Kaffir Lime Leaves: fragrant, fast moving, healing and warm, Kaffir lime leaves are pure magic. Just split one and breath it in. The plants grow well, I’ve seen first hand many times, as potted plants indoors in Maine. I’m going to try to graft a piece of one and grow it in a pot. If that doesn’t work I’ll have to resort to spending $45 buying in a fancy gardening/home catalogue, where I've seen them sold. Wish me luck!

Galangal. It’s a root that looks like ginger (it’s a relative) but its skin is a warmer tan and mildly shiny compared to its cousin. The flavor is a little less burning hot and a little more floral than ginger.

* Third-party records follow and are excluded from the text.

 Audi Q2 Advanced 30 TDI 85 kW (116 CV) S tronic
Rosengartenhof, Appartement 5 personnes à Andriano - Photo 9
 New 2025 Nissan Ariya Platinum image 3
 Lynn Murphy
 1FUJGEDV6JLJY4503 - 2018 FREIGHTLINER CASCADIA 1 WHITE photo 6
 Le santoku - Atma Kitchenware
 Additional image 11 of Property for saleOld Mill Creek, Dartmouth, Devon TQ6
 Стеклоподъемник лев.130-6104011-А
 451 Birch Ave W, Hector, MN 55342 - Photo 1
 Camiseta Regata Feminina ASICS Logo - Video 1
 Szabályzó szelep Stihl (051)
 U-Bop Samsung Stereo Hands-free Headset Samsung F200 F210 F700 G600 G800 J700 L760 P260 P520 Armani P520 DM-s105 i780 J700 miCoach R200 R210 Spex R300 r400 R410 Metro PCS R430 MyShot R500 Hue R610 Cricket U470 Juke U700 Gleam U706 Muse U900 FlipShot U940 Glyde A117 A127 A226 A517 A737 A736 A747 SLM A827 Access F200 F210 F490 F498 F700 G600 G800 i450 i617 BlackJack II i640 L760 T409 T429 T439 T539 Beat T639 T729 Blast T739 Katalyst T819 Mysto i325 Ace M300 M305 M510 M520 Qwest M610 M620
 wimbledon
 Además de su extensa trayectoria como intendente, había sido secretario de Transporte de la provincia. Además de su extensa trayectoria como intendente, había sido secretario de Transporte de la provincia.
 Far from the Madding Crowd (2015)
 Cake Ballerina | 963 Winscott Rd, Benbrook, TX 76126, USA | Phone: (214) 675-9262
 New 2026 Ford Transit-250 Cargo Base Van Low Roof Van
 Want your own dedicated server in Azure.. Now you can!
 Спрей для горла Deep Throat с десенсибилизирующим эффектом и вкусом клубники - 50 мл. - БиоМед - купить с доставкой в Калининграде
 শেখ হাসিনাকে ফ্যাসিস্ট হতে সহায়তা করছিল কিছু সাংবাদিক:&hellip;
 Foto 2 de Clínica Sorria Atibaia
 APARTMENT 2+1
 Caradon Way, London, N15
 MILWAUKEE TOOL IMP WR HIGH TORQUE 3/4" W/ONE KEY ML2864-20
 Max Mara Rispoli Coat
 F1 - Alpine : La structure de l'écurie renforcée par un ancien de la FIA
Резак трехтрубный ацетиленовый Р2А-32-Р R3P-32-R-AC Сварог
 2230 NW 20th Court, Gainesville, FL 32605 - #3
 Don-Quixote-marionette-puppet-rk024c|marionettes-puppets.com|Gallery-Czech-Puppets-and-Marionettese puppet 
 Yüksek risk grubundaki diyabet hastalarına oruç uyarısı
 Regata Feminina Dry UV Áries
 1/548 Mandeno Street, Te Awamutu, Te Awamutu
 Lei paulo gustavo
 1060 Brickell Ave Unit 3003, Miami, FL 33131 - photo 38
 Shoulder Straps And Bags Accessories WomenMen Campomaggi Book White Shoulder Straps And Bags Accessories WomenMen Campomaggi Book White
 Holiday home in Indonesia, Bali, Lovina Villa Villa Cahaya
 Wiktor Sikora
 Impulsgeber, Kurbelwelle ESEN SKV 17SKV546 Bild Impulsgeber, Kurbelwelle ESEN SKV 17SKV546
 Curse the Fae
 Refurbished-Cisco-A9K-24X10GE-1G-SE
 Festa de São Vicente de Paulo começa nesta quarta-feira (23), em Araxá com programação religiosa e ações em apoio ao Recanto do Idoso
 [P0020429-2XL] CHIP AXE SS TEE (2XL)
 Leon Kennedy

You find it in the refrigerated section.

Green papaya. These are papayas that are not yet soft, ripe, and sweet. They’re green on the outside and hard. You peel the skin off, then use a rippled vegetable peeler (available at Asian markets) or mandolin to make thin strips. Don’t eat the seeds in the center. I don’t know what happens if you do. I think they just taste bad.

Mung Bean Sprouts. I have never seen really fresh sprouts in supermarkets. The ones I’ve found at the immigrant markets are creamy white, perky, clean, and pop in your mouth with freshness. Soak submerged in cold water to wash, then strain before using.

I found all my ingredients for this at Mittapheap World Market (except the banana flower – good luck with that one!) at 61 Washington Ave., Portland, Maine, open 7 days a week 9am-7pm. 207-773-5523. Look for an Asian market in your area, or maybe you can find fresh ingredients to order online these days.